This is my old neighborhood; I grew up near there.    Maybe it's me, but it seems like when stuff like this happens in Da Burgh, it's usually in that area.  
​


----------



## CoryKS (Aug 5, 2009)

Excerpts from his blog here.  In reading his thoughts, I was reminded of the chapter on Control in Steven Pearlman's "The Book of Martial Power", in which he discussed how those who lash out against others do so in an attempt to establish a sense of control over things that are beyond their influence.  

Sounds like he got caught up in a feedback loop of negativity.  "Women don't like me," he thinks, and grows more negative and cynical, and of course women don't like negative and cynical men so they like him even less, etc.  He got caught up in bad personal philosophy and blames others for responding to it.


----------



## celtic_crippler (Aug 5, 2009)

CoryKS said:


> Excerpts from his blog here. In reading his thoughts, I was reminded of the chapter on Control in Steven Pearlman's "The Book of Martial Power", in which he discussed how those who lash out against others do so in an attempt to establish a sense of control over things that are beyond their influence.
> 
> Sounds like he got caught up in a feedback loop of negativity. "Women don't like me," he thinks, and grows more negative and cynical, and of course women don't like negative and cynical men so they like him even less, etc. He got caught up in bad personal philosophy and *blames others* for responding to it.


 
Interesting assessment. I'm sure the decline of values relating to personal responsibility is at the root of many of these type crimes. It's always _somebody elses fault_ in Western society...

... I don't have a problem with these murderers killing themselves, I just wish they'd do that *first*.


----------



## bekkilyn (Aug 5, 2009)

What a whiner.

Chances are, if he had a long-term girlfriend or wife, he'd be spending all of his time whining about her and blaming her for everything.


----------



## grydth (Aug 5, 2009)

I read the blog via a link to the New York Post website. Chilling. This guy was a seething mass of hatred and lifelong frustration. Felt rejected and uncertain, which he blamed on his family. Even though he felt there must be something wrong with him, he wound up attacking others. Spent a lot of time on his "Exit Plan".

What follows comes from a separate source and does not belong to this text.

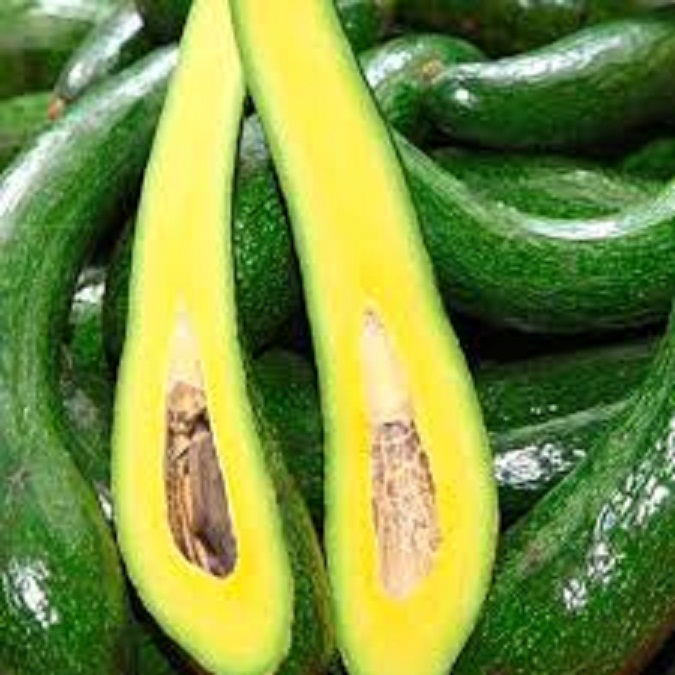 CÂY GIỐNG BƠ SÁP 034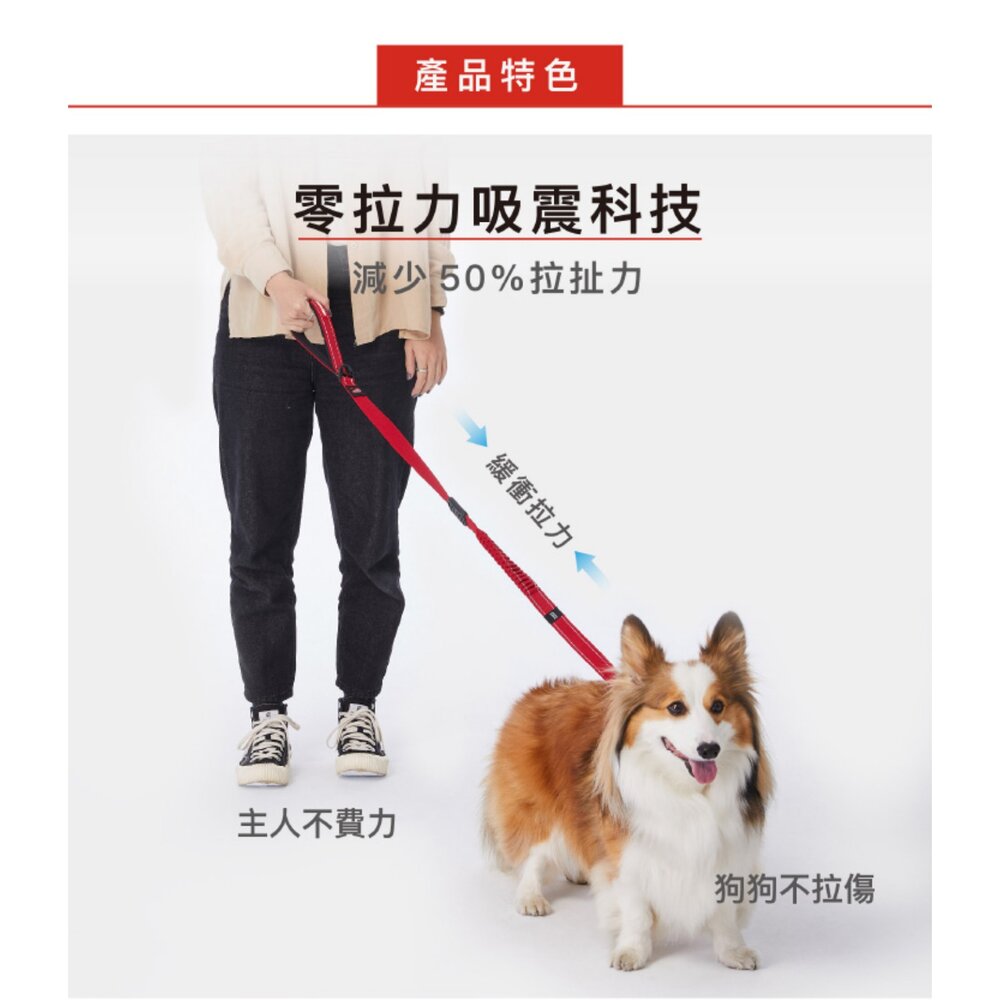 EZYDOG 零拉力牽繩 輕巧版零拉力牽繩 64公分 120公分 犬用 易清洗 寵物牽繩 外出拉繩『WANG』-圖片-2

Convinced himself that he could commit mass murder and still go to heaven. Yeah.

I once worked with someone quite like this.


----------



## Carol (Aug 5, 2009)

Talk about your killer workouts 

(please forgive the bad taste)


----------



## Flea (Aug 5, 2009)

I'm not going to read the blog - I just don't see any personal benefit in my doing so.  But one thing I don't get is this: wouldn't he have had readers, or wouldn't someone at least have had _access_ to it before the fact?  If so, where were they?  

It's always easy to see the dominoes lined up after something like this happens, but most people don't go out of their way to publicize their intentions like this.  Ultimately the responsibility lies with Sodini because he went out of his way to make his decisions.  But with such a public buildup, it seems like a lot of people dropped the ball.  Of course not having read the blog I don't know whether it was a closed format ... but even so.

I've met mysogynists like this, and I can always smell them a mile away.  No wonder he couldn't get a date.  He offered up the ultimate justification for all the women who rejected him (whether it was actual or perceived on his part.)  It would be interesting to see what form his reincarnation takes, if one believes in that ...


----------



## MA-Caver (Aug 5, 2009)

I still can't figure out why these morons can't just kill themselves in the privacy of their own homes... ALONE!


----------



## bekkilyn (Aug 5, 2009)

Flea said:


> I'm not going to read the blog - I just don't see any personal benefit in my doing so.  But one thing I don't get is this: wouldn't he have had readers, or wouldn't someone at least have had _access_ to it before the fact?  If so, where were they?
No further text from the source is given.